Curieusement, c’est à l’époque de Chadli Bendjedid que cet événement sortira de l’anonymat. Sur un timbre émis en 1986, l’artiste-peintre, Sid Ahmed Bentounes, puisera dans les symboles de l’UGTA pour dessiner deux mains serrées en signe de solidarité, surmontées d’un croissant et d’une étoile, sans pour autant recourir au logo très connu de cette organisation syndicale. Vingt ans plus tard, une seconde vignette commémorative du 50e anniversaire de l’UGTA, œuvre du même dessinateur, apportera un fait nouveau, mais qui aura un goût d’inachevé. Le premier secrétaire général de l’UGTA, Aïssat Idir, apparaîtra pour la première fois sur un timbre, mais sans aucune mention de son nom. Comme quoi, on fait toujours les choses à moitié.
L’histoire de l’UGTA, fondée le 24 février 1956 dans la mouvance du FLN par Aïssat Idir, Mohamed Flissi, Benyoucef Ben Khedda, Benaïssa Atallah, Abane Ramdane, Hassan Bourouiba et Tahar Gaïd, sera confisquée par des cercles qui feront tout pour mettre aux oubliettes les sacrifices de ces pionniers. Certains, comme Abane Ramdane, seront même persona non grata dans les cérémonies officielles. Toutefois, si la date du 26 février 1956 a réussi à se faire une place dans le catalogue philatélique algérien, parallèlement, on n’arrive toujours pas à expliquer l’occultation de la nationalisation des hydrocarbures.
Un événement qui n’a jamais bénéficié de la moindre commémoration sur des timbres, même durant le règne de Boumediène. Une sorte d’amnésie qui se poursuit jusqu’à nos jours. L’histoire retiendra quand même que la décision annoncée le 24 février 1971 par le défunt président Houari Boumediène de nationaliser les hydrocarbures algériens, dont l’ensemble des gisements naturels de gaz et de pétrole, tout comme les oléoducs et les gazoducs, neuf ans après l’indépendance, aura une importance capitale.

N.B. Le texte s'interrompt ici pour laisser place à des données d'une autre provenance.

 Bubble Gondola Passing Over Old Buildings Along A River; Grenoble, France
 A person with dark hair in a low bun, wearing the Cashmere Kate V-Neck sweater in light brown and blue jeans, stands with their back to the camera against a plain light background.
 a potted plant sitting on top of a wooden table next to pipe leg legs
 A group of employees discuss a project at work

Faisant suite au refus des compagnies pétrolières françaises de renégocier les prix, elle sera qualifiée de «décolonisation économique», après «la décolonisation géographique». On se rappellera toujours, pour ceux qui lisent l’histoire, que ce pas audacieux franchi par l’Algérie inspirera d’autres Etats. On citera le cas de la Libye, qui décidera, dix mois plus tard, de nationaliser les avoirs de la British Petroleum (britannique). Le 1er juin 1972, c’est l’Etat irakien qui lui emboîtera le pas à travers l’expropriation du consortium étranger «Iraq Petroleum Company».

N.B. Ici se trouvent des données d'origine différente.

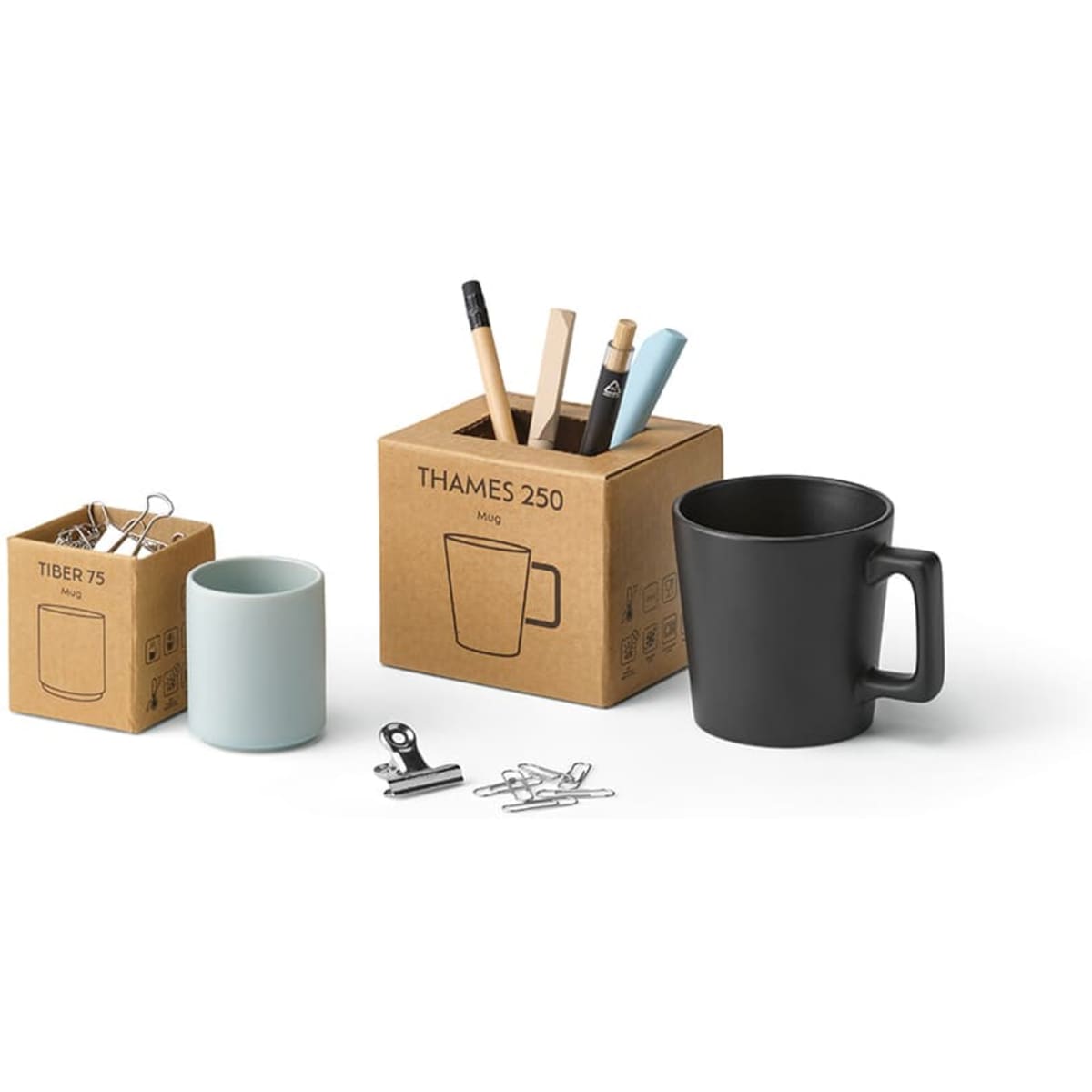A matte black ceramic mug alongside a box with stationery items, including two smaller containers in various colours.
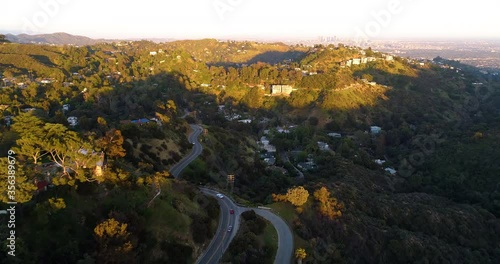 Aerial view over the Mulholland drive and Laurel Canyon, on a warm and sunny, spring evening, in the Rich and Famous homes, Hollywood Hills, Los Angeles, California, USA - Forward Dolly, drone shot photo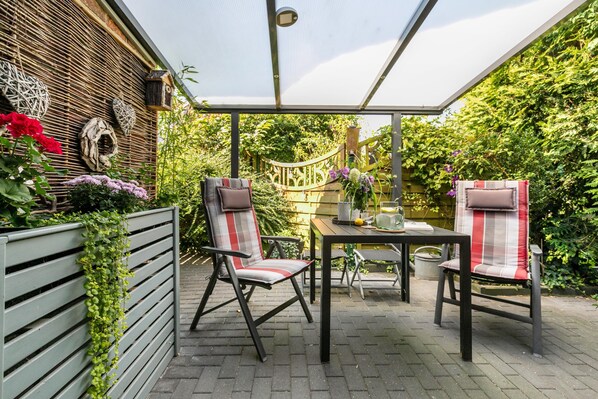 A covered patio with two chairs and a table, surrounded by greenery and a wooden fence.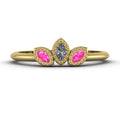 Front view of the Astraea Echo trilogy ring in 18ct yellow gold featuring a central diamond and two pink sapphire shoulders.
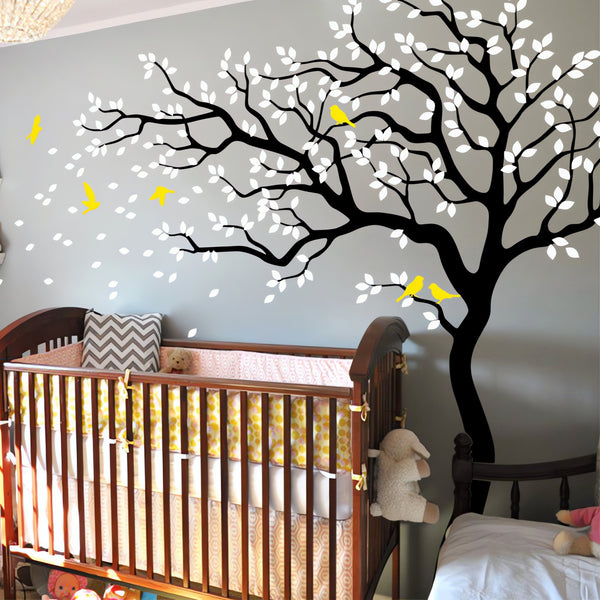 Tree wall sticker with leaves blowing and birds in a nursery with a crib.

Alors qu’en est-il chez nous, où on n’ose plus parler de cette phase historique que la jeune génération, branchée sur d’autres mondes, ignore complètement ? Qui se souvient du fameux discours de Houari Boumediène qui annonçait son mémorable «Kararna ta’emime el mahroukate» (nous avons décidé de nationaliser les hydrocarbures). Une phrase qui changera le destin pétrolier de l’Algérie, après des années d’exploitation de ses richesses par les compagnies multinationales. Des richesses qui deviendront une véritable malédiction pour le pays. Houari Boumediène doit sûrement se retourner dans sa tombe.